A Color-encoded Z-stack of wt and Pg-S665A keratinocytes revealed multiple layers in wt and only 1-2 layers in Pg-S665A keratinocytes. Representative of n = 3. Scale bar = 50 µm. A, B Dsg1 was expressed primarily in the superficial epidermal layers in a linear fashion along cell borders. In contrast, Dsg1 was drastically reduced and restricted to the basal layer in Pg-S665A keratinocytes. C Pg was reduced and appeared less linearized in Pg-S665A keratinocytes compared to wt. D pPg-S665 was absent in Pg-S665A keratinocytes confirming phospho-deficiency at this site whereas it appeared dotted along cell borders and in the nuclei in wt keratinocytes. E The keratin cytoskeleton showed a dense network spanning the whole cell in wt keratinocytes whereas it was rarefied and drastically altered in Pg-S665A keratinocytes. B–E Scale bar = 25 µm. White rectangles depict areas for zoom in. Scale bar (zoom) = 5 µm. Representatives of n = 4 (B), n = 3 (C–E). F Triton-based separation revealed a drastic impairment of Dsg1 and Dsg3 expression in the Triton insoluble, desmosome bearing fraction in Pg-S665A keratinocytes. Similar observations were made for Dp and Pg. Importantly, keratin 14 (CK14) was almost absent in Pg-S665A keratinocytes. In contrast, β-catenin was slightly upregulated in the Triton insoluble fraction. Tubulin serves as loading control. Representative of n = 4. G Dissociation assay in wt and Pg-S665A keratinocyte cell lines showed a drastic impairment of intercellular adhesion in Pg-S665A cells (wt-1, Pg-S665A-2: n = 6; wt-2, Pg-S665A-1: n = 4). H Dissociation assay in wt murine keratinocytes revealed a significant fragmentation after 24 h of incubation with the pathogenic monoclonal anti-Dsg3 antibody AK23. Pre-incubation with apremilast (Apr) for 1 h ameliorated AK23-induced loss of intercellular adhesion in wt keratinocytes (n = 4, for vehicle: n = 3). In contrast, in Pg-S665A keratinocytes (I), which already showed drastic impairment of intercellular adhesion under resting conditions, AK23 had no additional effect on intercellular adhesion (n = 7). Apremilast did not restore impaired intercellular adhesion neither under basal conditions nor after AK23 incubation. Columns indicate mean value ±SEM. P < 0.05 (exact values are depicted in the figure). One-way ANOVA with Bonferroni correction. Source data are provided as a Source Data file.

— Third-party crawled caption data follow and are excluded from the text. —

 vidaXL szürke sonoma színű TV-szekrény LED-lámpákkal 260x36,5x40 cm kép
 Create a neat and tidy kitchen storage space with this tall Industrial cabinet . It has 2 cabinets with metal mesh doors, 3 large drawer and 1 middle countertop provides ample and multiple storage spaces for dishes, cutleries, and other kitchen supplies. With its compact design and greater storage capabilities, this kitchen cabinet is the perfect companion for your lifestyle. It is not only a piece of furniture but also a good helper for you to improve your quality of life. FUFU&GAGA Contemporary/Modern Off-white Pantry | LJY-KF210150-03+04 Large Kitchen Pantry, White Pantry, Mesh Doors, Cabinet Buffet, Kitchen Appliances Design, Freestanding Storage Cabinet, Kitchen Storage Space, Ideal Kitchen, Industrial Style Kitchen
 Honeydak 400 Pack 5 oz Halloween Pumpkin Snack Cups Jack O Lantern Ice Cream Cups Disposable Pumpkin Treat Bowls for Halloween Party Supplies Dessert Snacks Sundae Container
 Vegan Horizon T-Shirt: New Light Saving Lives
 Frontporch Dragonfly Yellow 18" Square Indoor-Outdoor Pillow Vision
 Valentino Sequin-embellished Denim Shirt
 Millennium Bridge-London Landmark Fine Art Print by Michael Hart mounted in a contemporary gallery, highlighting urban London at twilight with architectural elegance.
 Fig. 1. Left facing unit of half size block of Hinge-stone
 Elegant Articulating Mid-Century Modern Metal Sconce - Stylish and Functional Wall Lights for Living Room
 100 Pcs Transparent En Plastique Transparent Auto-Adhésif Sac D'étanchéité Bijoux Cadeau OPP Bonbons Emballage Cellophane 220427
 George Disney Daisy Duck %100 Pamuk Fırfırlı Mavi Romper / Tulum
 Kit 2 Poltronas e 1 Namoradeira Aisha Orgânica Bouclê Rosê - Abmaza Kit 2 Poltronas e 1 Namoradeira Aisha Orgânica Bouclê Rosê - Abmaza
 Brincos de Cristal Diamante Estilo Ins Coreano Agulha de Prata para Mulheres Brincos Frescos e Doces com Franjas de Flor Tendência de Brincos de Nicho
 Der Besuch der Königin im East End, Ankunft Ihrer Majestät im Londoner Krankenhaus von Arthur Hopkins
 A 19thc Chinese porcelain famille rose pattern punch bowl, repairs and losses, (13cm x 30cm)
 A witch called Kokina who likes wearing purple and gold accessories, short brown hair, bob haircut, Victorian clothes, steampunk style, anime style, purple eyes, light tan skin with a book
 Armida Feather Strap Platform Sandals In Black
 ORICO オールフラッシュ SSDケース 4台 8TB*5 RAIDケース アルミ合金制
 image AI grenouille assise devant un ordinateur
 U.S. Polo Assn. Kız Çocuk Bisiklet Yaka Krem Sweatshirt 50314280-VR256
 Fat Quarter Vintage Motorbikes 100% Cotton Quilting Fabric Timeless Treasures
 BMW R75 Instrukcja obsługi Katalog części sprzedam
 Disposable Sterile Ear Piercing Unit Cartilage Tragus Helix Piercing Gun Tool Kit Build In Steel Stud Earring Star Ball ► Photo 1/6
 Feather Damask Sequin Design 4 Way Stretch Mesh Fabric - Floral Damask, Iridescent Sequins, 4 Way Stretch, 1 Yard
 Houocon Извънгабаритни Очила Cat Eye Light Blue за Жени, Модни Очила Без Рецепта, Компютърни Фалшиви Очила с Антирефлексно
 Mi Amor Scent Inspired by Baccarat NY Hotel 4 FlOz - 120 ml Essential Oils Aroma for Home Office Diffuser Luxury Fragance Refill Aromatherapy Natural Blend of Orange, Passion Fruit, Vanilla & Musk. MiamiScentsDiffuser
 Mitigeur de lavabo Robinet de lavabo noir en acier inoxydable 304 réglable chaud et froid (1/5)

Fig. 7. Apremilast regulates desmoplakin recruitment and Dsg3 membrane availability.

A Representative immunostaining of wt murine keratinocytes incubated with apremilast for 2 h and stained for desmoplakin (Dp) and cytokeratin 14 (CK14). Under control conditions, Dp was present at linear streaks along the cytokeratin filament at cellular contact points. In contrast, after apremilast (10 µM) treatment, Dp was present in desmosomes (white arrows). Scale bar = 10 µm. Zoom in areas marked with white rectangles. Scale bar (zoom) = 1 µm. Representative of n = 4. B, C Quantification of Dp staining. Dp-covered area is significantly reduced after apremilast treatment compared to control cells. In contrast, number of desmosomes/ROI was elevated. D, E FRAP on murine keratinocytes transfected with Dsg3-GFP. D, F In wt murine keratinocytes, apremilast (10 µM) lead to enhanced recovery halftime (τ1/2). Scale bar = 5 µm. E, F In contrast, no changes in τ were present in Pg-S665A keratinocytes (n = 5, for Pg-S665A vehicle: n = 4). G Schematic of mechanisms of protective cAMP signaling in pemphigus. Apremilast prevents PV-IgG-induced loss of intercellular adhesion. Autoantibodies directed against desmogleins induce uncoupling of keratin filaments from the desmosomal plaque. Increase of intercellular cAMP by the phosphodiesterase 4- (PDE4) inhibitor apremilast ameliorates this effect by PKA-dependent phosphorylation of Pg at S665. Columns indicate mean values ±SEM. *P < 0.05 (exact values are depicted in the figure). Two-tailed Student’s t test (B, C), one-way ANOVA with Bonferroni correction (F). Source data are provided as a Source Data file.